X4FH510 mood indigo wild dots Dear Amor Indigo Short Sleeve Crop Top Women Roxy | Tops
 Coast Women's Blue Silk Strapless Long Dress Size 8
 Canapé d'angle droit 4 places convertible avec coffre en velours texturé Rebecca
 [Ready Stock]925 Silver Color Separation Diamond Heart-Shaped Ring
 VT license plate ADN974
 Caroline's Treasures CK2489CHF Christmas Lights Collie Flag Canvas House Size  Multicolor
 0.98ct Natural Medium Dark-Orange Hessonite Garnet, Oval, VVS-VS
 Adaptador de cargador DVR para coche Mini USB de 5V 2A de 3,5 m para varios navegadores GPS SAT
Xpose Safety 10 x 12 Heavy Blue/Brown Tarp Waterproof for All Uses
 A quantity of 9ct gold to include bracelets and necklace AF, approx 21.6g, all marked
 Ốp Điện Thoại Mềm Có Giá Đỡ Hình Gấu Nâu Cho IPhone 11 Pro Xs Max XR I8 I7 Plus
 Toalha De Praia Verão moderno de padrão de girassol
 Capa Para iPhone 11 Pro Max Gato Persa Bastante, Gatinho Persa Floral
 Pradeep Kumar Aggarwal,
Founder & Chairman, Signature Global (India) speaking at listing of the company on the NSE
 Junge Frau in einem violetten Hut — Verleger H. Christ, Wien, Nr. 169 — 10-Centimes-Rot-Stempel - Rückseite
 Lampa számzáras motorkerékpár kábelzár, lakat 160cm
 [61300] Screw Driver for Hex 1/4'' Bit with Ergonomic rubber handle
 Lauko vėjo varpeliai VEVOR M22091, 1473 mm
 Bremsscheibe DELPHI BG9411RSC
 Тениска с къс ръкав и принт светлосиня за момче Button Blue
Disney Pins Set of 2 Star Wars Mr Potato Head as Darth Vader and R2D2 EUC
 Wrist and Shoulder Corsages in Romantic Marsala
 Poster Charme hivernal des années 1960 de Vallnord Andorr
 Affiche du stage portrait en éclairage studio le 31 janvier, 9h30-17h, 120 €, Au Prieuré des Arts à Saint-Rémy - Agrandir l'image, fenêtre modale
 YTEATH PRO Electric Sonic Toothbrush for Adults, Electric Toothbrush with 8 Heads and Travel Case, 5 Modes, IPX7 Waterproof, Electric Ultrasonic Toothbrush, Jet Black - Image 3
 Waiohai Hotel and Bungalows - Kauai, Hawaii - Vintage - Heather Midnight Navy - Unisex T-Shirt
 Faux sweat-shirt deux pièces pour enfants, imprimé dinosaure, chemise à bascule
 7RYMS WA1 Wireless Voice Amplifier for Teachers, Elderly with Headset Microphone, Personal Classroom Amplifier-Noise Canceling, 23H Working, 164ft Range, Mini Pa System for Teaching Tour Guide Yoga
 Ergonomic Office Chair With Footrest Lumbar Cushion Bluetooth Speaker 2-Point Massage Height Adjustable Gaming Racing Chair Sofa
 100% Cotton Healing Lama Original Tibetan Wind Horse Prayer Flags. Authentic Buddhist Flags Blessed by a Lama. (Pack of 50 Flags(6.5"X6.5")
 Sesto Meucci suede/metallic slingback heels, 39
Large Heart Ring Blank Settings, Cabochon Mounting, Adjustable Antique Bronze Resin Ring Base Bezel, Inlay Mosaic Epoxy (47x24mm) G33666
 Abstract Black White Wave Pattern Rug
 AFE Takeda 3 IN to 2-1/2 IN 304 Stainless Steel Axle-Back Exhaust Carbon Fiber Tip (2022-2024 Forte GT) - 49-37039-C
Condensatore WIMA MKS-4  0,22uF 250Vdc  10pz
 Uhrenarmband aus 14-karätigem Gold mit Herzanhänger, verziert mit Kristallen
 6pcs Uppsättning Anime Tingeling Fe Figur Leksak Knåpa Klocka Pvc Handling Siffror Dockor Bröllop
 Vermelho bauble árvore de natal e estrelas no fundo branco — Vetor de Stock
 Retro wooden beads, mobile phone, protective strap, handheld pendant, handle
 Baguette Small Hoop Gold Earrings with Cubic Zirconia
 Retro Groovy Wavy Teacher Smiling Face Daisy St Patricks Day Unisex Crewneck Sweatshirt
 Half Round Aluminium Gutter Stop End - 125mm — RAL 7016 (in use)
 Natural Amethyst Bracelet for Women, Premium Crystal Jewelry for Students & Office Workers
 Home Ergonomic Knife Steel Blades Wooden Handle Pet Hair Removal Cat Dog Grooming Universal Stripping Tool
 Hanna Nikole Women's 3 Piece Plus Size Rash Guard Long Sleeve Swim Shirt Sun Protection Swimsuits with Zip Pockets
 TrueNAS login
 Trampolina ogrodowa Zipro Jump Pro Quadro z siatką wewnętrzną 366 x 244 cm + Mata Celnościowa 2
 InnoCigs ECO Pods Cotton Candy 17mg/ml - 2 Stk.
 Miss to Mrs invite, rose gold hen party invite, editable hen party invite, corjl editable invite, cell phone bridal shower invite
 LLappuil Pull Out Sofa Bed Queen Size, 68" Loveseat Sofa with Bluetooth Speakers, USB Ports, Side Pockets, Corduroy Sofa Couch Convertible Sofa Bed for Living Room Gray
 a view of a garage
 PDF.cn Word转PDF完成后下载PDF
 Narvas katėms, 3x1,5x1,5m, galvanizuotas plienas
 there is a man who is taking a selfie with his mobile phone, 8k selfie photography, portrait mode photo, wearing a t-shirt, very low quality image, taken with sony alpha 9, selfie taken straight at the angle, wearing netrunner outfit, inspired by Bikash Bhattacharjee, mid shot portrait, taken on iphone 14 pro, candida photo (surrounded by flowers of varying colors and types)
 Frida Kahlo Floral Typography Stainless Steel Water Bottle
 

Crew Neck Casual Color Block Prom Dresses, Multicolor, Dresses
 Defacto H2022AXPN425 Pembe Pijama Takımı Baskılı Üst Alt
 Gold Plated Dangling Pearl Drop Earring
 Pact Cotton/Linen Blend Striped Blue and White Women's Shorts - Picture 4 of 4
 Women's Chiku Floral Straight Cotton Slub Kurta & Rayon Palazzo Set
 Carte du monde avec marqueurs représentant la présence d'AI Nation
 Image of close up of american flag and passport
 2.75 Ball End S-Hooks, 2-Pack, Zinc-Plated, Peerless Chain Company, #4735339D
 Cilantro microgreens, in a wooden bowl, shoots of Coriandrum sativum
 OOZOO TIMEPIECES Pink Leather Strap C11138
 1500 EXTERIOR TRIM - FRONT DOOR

*WORK ITEM*:
Copy over exactly the lines above from the one with "Pact Cotton/Linen Blend" to the last, both included, and no others.

*RESPONSE TO THE EXERCISE*:
 Pact Cotton/Linen Blend Striped Blue and White Women's Shorts - Picture 4 of 4
 Women's Chiku Floral Straight Cotton Slub Kurta & Rayon Palazzo Set
 Carte du monde avec marqueurs représentant la présence d'AI Nation
 Image of close up of american flag and passport
 2.75 Ball End S-Hooks, 2-Pack, Zinc-Plated, Peerless Chain Company, #4735339D
 Cilantro microgreens, in a wooden bowl, shoots of Coriandrum sativum
 OOZOO TIMEPIECES Pink Leather Strap C11138
 1500 EXTERIOR TRIM - FRONT DOOR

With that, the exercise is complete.